IN PICS | From a citadel to the arts to the 'Kings of Jo'burg'

Joburg is the sort of girlfriend who keeps you on your toes — cool and sophisticated one day, gritty and feisty the next.

Standard Bank Group COO Margaret Nienaber with artist Sam Nhlengethwa at the opening of the Standard Bank Art Lab at Nelson Mandela Square.
Standard Bank Group COO Margaret Nienaber with artist Sam Nhlengethwa at the opening of the Standard Bank Art Lab at Nelson Mandela Square. (MASI LOSI)

Joburg is the sort of girlfriend who keeps you on your toes — cool and sophisticated one day, gritty and feisty the next.

This week, I got to experience both sides of the bustling metropolis we love to hate (and hate to love).

On Thursday evening, Africa’s economic hub unveiled a shiny new citadel to the arts; the next day, it embraced its unvarnished underbelly with the launch of a new season of a hit series centred on the supernatural saga of a fictional crime family.

Let’s start with the highbrow bit first.

Africa’s largest bank picked a spot on what’s known as the continent’s richest mile as the location for a new visual arts space — one aiming to be a conduit for novel collaborations, experimentation and a new wave of creativity.

It was a brisk winter’s evening that drew the who’s who from the worlds of arts and business — including Joburg Art Fair’s Mandla Sibeko; art patrons Mfundi and Karen Vundla; the bank’s chipper deputy chair Jacko Maree and his wife Sandy; Tshepo Mahloele (chair of pan-African investment company Harith and Arena Holdings, which owns the Sunday Times) and his wife Dolly; and US consul-general Stephanie Bunce — for the opening of the Standard Bank Art Lab at Nelson Mandela Square.

I am greeted by Standard Bank Group’s chic COO, Margaret Nienaber, whose idea it was to create the space — and who smartly turned to its JSE property portfolio, which owns the Sandton City complex, for the location (she’s a CA after all).

Artist Willie Bester during the Standard Bank Art Lab opening at Nelson Mandela Square.
Artist Willie Bester during the Standard Bank Art Lab opening at Nelson Mandela Square. (MASI LOSI)
Deputy Chairperson of Standard Bank, Jacko Maree and his wife Sandy Maree during the opening of the Standard Bank Art Lab.
Deputy Chairperson of Standard Bank, Jacko Maree and his wife Sandy Maree during the opening of the Standard Bank Art Lab. (MASI LOSI)

While I wondered whether this was yet another move by the bank to hop out of the city — as when it opened its shiny HQ in Rosebank a few years ago (as a long-time resident of the suburb, I can’t help but wonder if our regular pipe bursts have something to do with big corporates and high-rise apartments cramming into what was once Killarney’s second cousin) — Margaret assures me there are no plans to mothball its hallowed Standard Bank Gallery in the city centre.

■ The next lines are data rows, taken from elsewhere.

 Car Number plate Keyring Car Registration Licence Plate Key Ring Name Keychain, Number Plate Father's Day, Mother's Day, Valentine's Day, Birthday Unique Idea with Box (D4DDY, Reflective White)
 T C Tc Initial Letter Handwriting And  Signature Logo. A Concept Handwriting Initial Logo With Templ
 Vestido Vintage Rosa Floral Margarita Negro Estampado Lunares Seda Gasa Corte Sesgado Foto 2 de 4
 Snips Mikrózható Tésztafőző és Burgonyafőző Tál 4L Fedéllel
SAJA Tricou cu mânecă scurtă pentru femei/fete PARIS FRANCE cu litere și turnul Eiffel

We were the first to view the new venue’s inaugural exhibition, Follow the Blue Thread: It’s Woven Into Who We Are, which deftly nods to the bank’s wool industry roots in presenting works by acclaimed local artists — including William Kentridge, Sam Nhlengethwa, Penny Siopis and Willie Bester — displayed as enchanting mohair tapestries.

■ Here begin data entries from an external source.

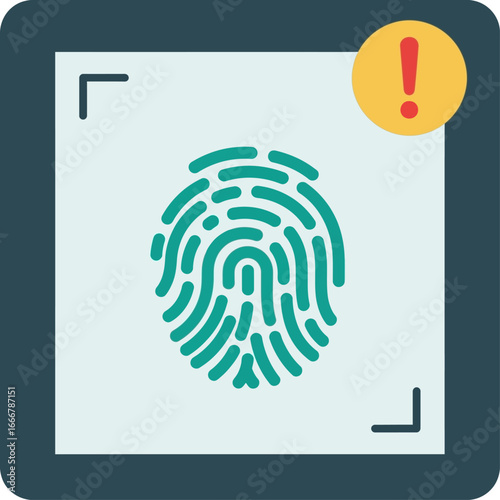 Illustration of a failed fingerprint authentication with an exclamation point warning.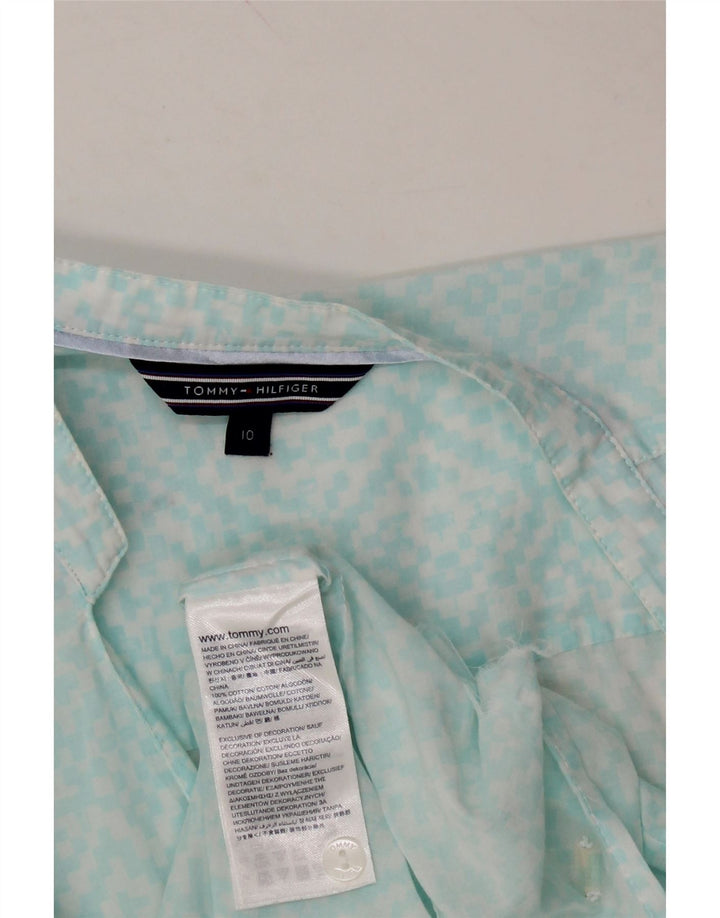 TOMMY HILFIGER Womens Pullover Shirt Blouse US 10 Large Blue Geometric Vintage Tommy Hilfiger and Second-Hand Tommy Hilfiger from Messina Hembry 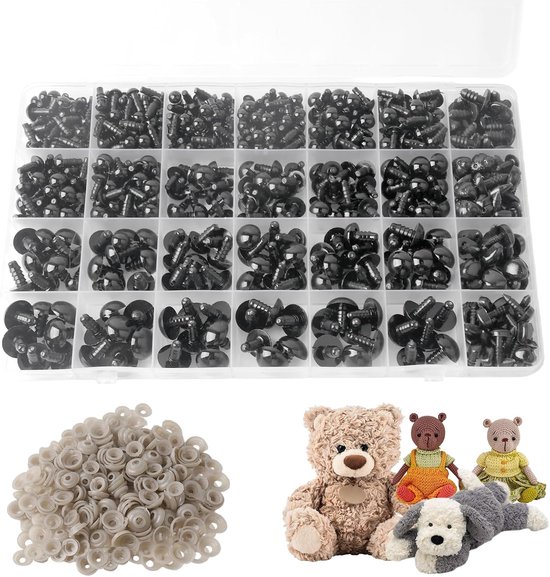 Ogen set, zwarte kunststof poppenogen | voor Amigurumi, haakdieren, pluche dieren, doe-het-zelf accessoires voor handwerk (6-14 mm)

Near one such tapestry, Willie Bester’s Sunday Morning, I notice the man from Montagu — considered one of the country’s most important resistance artists — in conversation with Nhlengethwa.

Meanwhile, Sam’s work Late Night Jazz  is displayed in another part of the exhibition.

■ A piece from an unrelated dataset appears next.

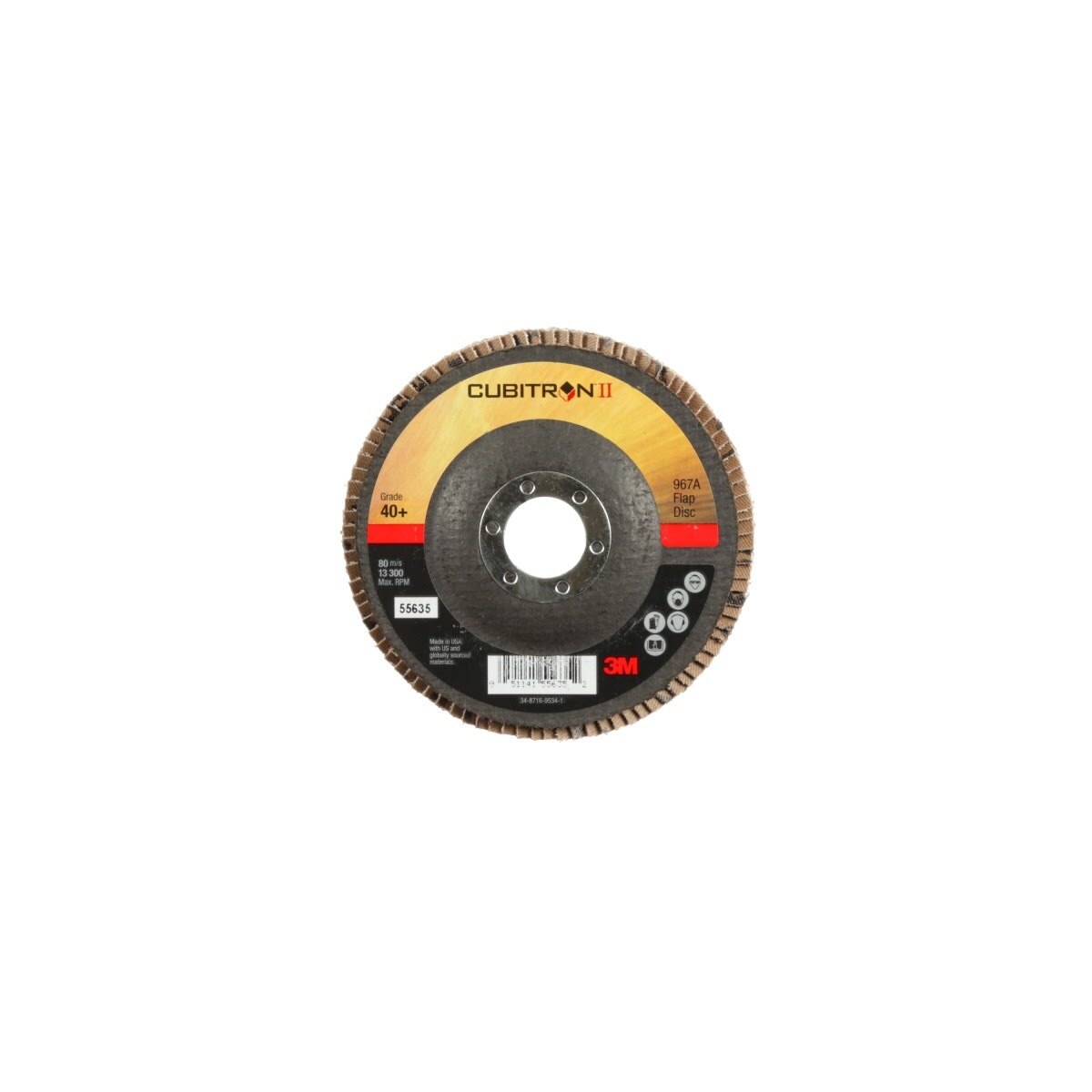 3M 967A Cubitron II Flap Disc, 40+, T27, 4-1/2 in x 7/8 in, Giant (7100085781) (10 Pack) - 3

“This is my first tapestry,” explains Sam about the piece, produced in 1994 when he was awarded the prestigious Standard Bank Young Artist of the Year award, propelling him to local and international fame.

Nicole Bessick at the launch of Kings of Joburg season 3 in Sandton.
Nicole Bessick at the launch of Kings of Joburg season 3 in Sandton. (Thapelo Morebudi)
Connie Ferguson and Malik Yoba at the launch of 'Kings of Jo'burg' season 3 in Sandton.
Connie Ferguson and Malik Yoba at the launch of 'Kings of Jo'burg' season 3 in Sandton. (Thapelo Morebudi)

Moving on to a more mainstream form of art — which, while it doesn’t appear to be the runaway global phenomenon that Cape Town-set Blood and Water has become — the television series Kings of Jo’Burg has but a huge local audience.

Produced by the late Shona Ferguson and his wife, Connie, along with American film producer Samad Davis, this drama series is a breakneck, guns-blazing ride through the City of Gold.

It provided the American subscription-based streaming service that flights it ample fuel to put on the mother of all parties to tout the arrival of its third season, which this time also features Hollywood actor Malik Yoba and veteran local actor Clint Brink.

Think guests escorted in a cavalcade of deluxe vans up a ramp into a shiny glass building opposite Sandton City, where we were welcomed by a phalanx of men and women in black (with black shades) as we headed inside, past displays of gold bullion and wads of cash.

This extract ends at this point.